PROVIDED ENTRIES: Begin

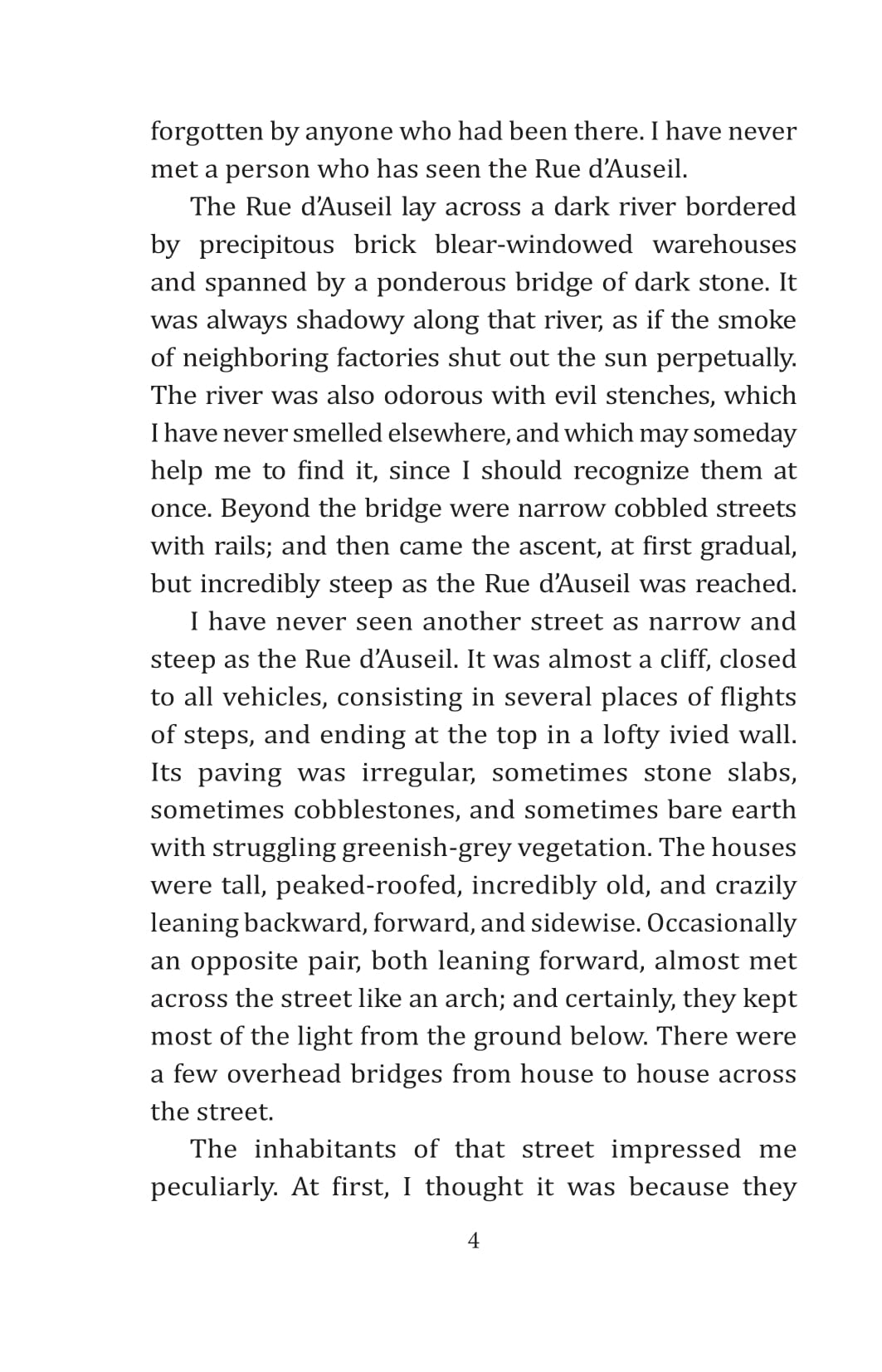 Книга "Lovecraft H. The Shunned House (Покинутий будинок)" (а) (3486) 3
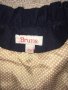 Елегантно детско палто Brums, снимка 5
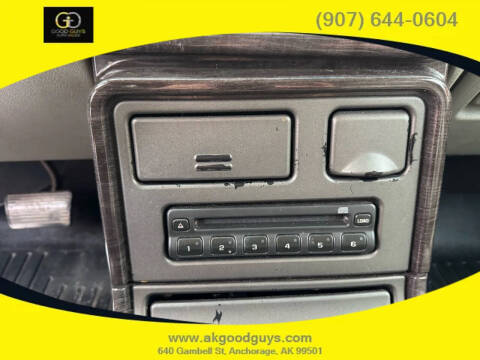 2004 GMC Yukon Denali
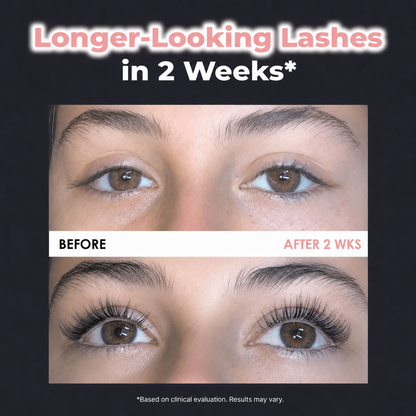 Eyelash Growth Serum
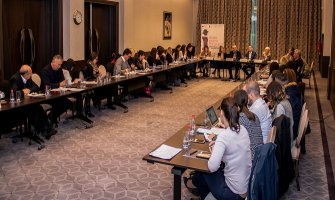 Opštine moraju unaprijediti svoju transparentnost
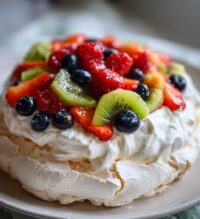 pavlova cake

PROVIDED ENTRIES: End

> **WHAT YOU WILL DO**: Restate each entry word for word, leaving out any pictures.

> **SOLVED EXERCISE**:
 Книга "Lovecraft H. The Shunned House (Покинутий будинок)" (а) (3486) 3
 Елегантно детско палто Brums, снимка 5
 2004 GMC Yukon Denali
 Eyelash Growth Serum
 Opštine moraju unaprijediti svoju transparentnost
 pavlova cake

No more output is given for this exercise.